■ TASK STATEMENT:
I need the lines below from the one with "Young Innovator and" down to the one with "Beast Character Sprites" reproduced exactly, both ends included, and nothing else.

■ GIVEN DATA:
———

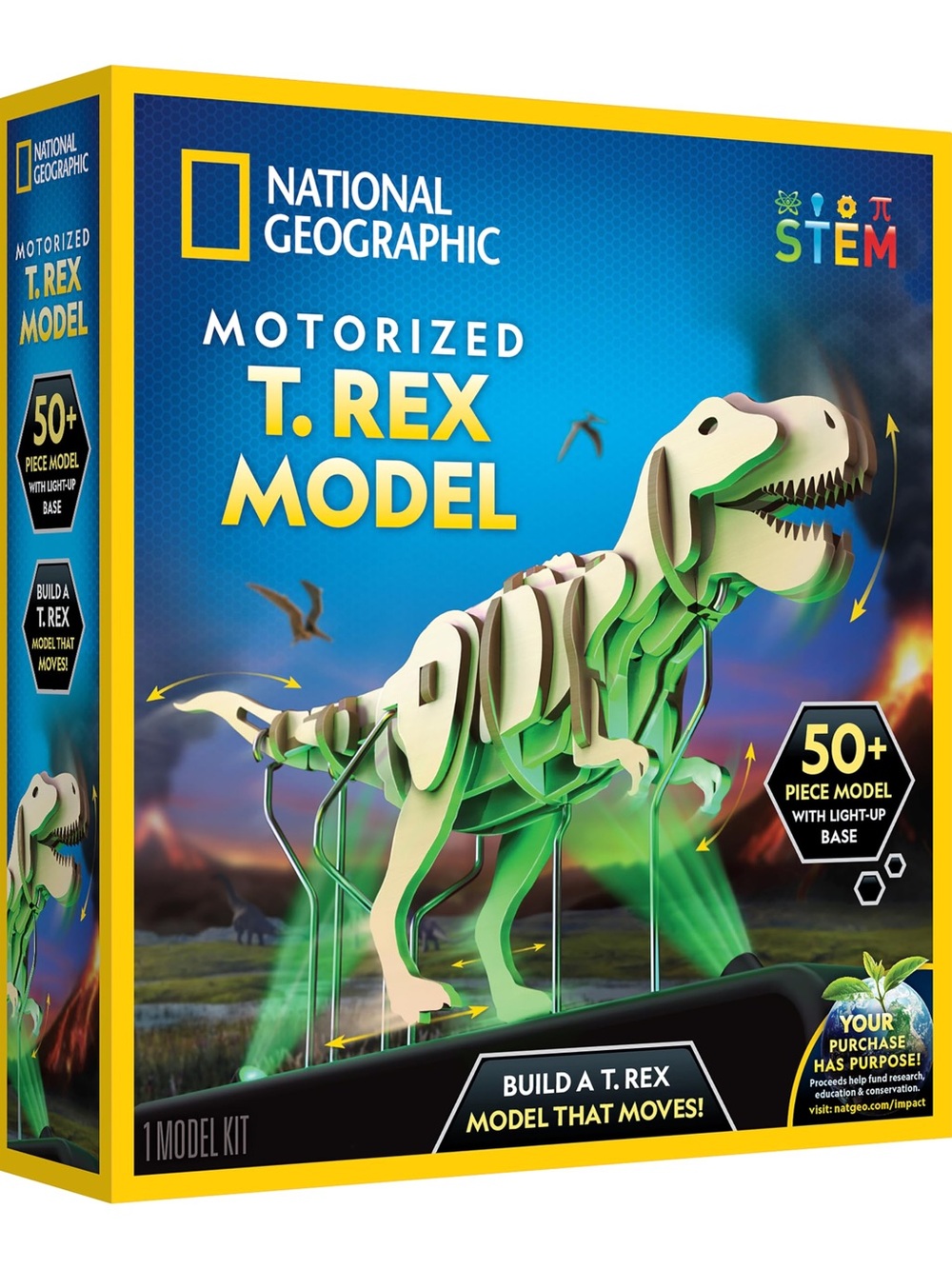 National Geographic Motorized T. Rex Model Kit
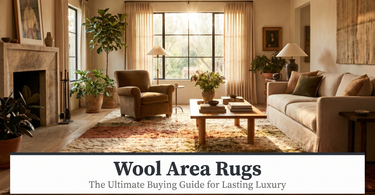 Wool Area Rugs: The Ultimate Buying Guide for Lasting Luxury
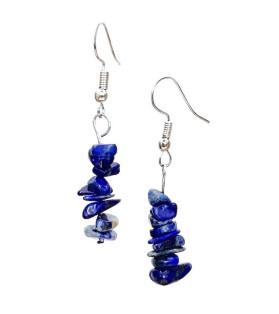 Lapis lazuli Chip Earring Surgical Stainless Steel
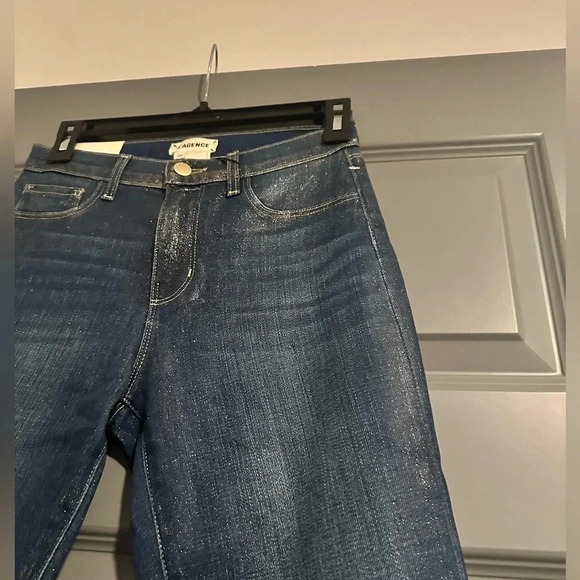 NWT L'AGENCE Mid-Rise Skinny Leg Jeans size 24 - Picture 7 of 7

———

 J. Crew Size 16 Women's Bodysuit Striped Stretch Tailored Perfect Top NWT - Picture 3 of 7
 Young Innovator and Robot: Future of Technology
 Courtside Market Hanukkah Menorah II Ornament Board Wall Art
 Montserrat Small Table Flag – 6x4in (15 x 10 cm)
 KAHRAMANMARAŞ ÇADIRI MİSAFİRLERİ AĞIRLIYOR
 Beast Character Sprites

———

■ SOLUTION FOR THIS PROBLEM:
 Young Innovator and Robot: Future of Technology
 Courtside Market Hanukkah Menorah II Ornament Board Wall Art
 Montserrat Small Table Flag – 6x4in (15 x 10 cm)
 KAHRAMANMARAŞ ÇADIRI MİSAFİRLERİ AĞIRLIYOR
 Beast Character Sprites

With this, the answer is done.